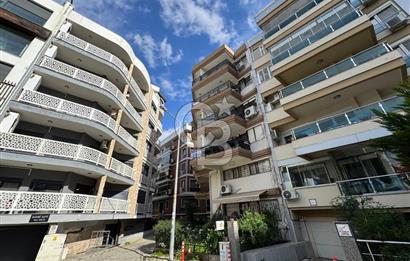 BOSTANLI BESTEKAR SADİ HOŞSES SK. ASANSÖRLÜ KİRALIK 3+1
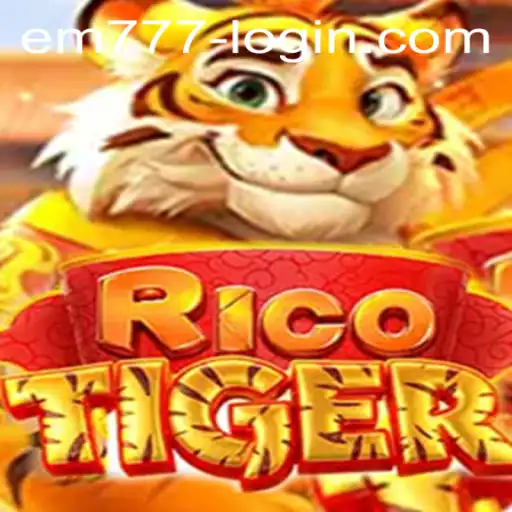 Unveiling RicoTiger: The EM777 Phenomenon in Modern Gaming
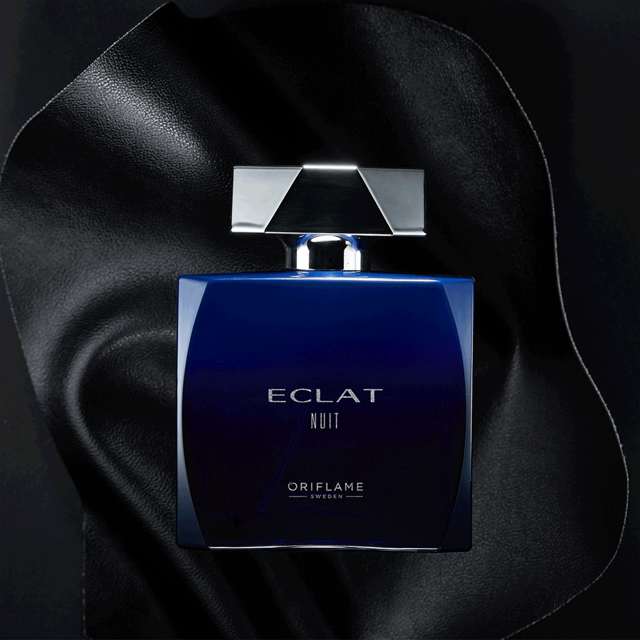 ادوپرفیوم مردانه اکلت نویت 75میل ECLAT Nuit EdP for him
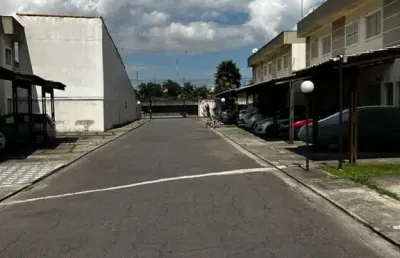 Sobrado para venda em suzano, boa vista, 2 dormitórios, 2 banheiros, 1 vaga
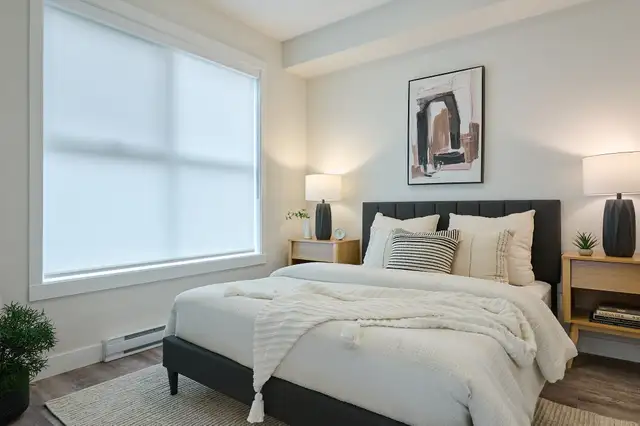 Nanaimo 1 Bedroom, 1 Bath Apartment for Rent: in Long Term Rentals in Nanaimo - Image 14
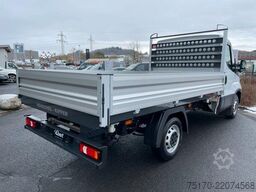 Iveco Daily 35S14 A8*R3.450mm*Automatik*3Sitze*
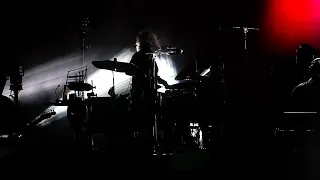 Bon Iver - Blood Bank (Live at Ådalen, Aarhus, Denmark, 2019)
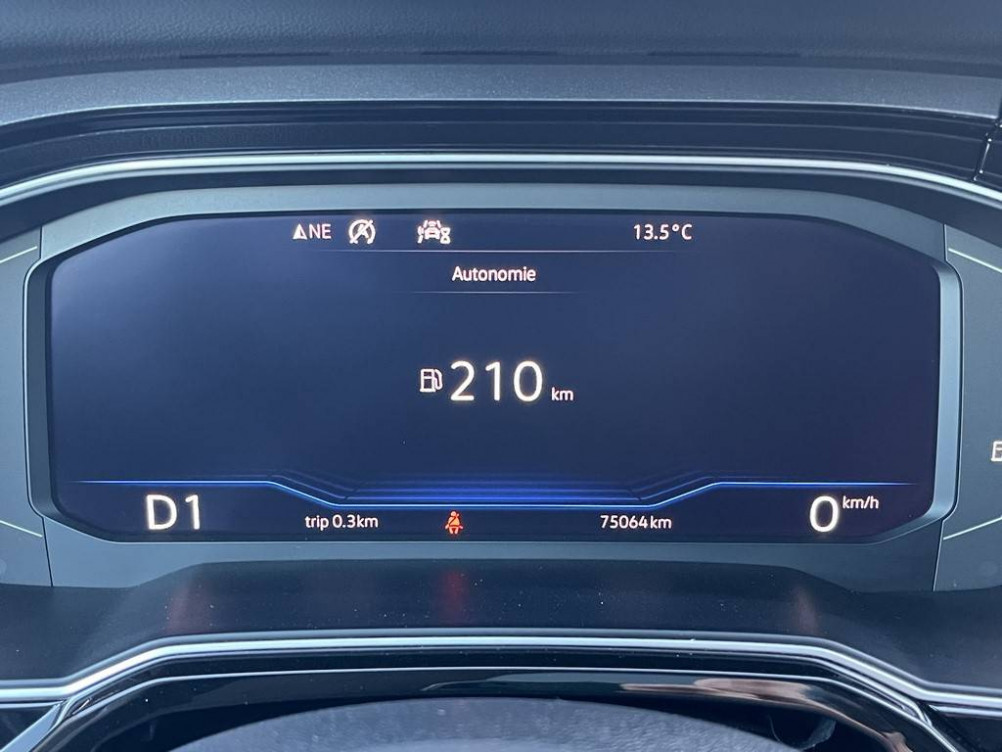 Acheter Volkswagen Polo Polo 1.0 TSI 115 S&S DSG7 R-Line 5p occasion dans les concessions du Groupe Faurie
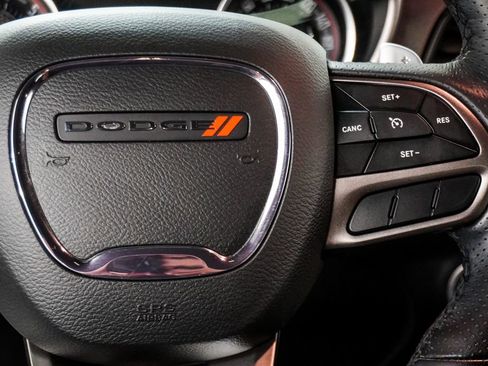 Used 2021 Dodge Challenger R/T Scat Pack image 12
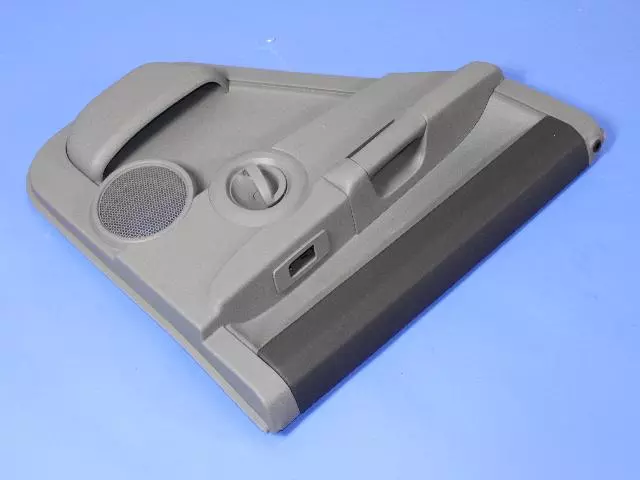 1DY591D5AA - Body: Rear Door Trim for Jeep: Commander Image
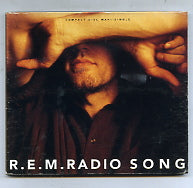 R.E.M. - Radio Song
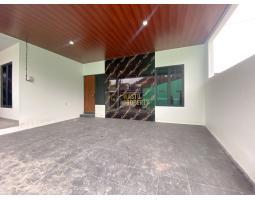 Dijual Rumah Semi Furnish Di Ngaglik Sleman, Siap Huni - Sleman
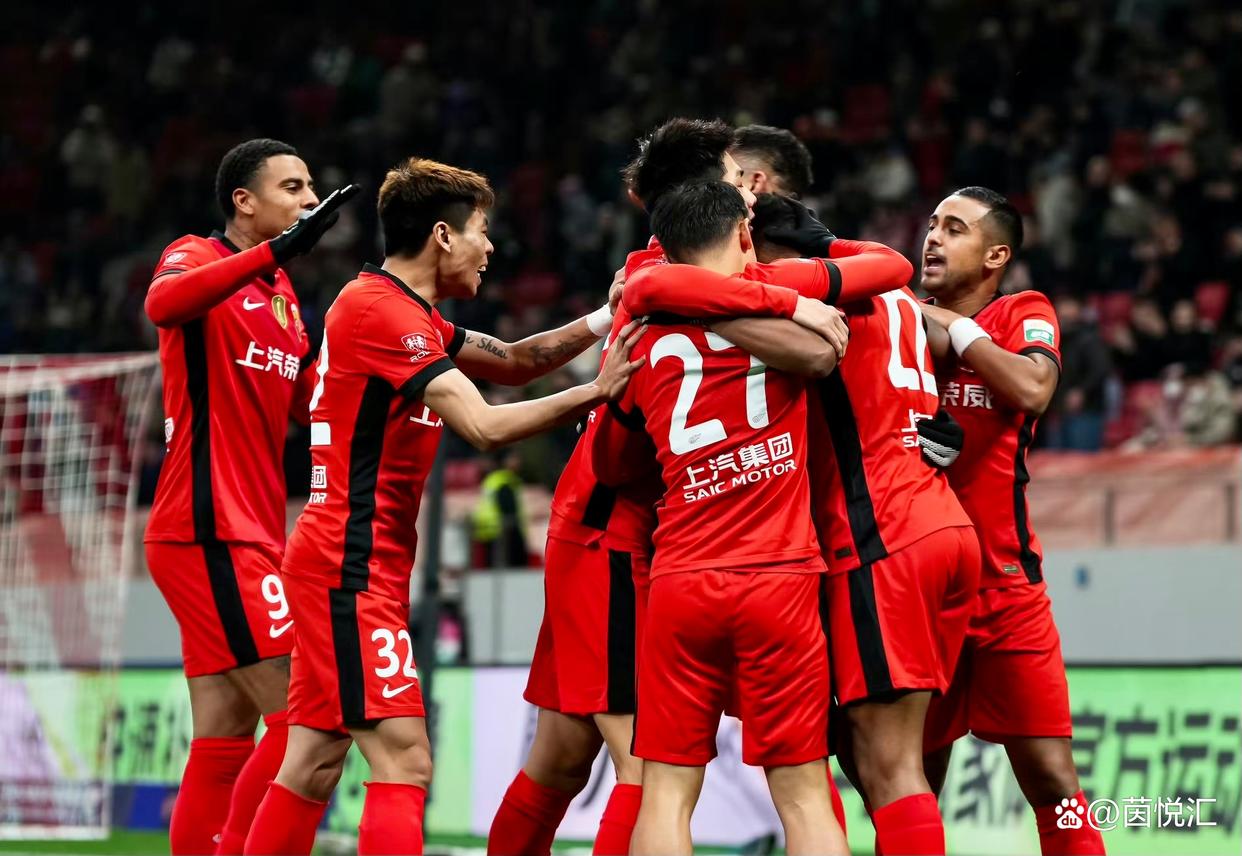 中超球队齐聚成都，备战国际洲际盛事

Task instructions: Beginning with the line that contains "1DY591D5AA - Body: Rear", write out every line through the last one in the records, exactly and without pictures.

Exercise response:
 1DY591D5AA - Body: Rear Door Trim for Jeep: Commander Image
 R.E.M. - Radio Song
 Dijual Rumah Semi Furnish Di Ngaglik Sleman, Siap Huni - Sleman
 中超球队齐聚成都，备战国际洲际盛事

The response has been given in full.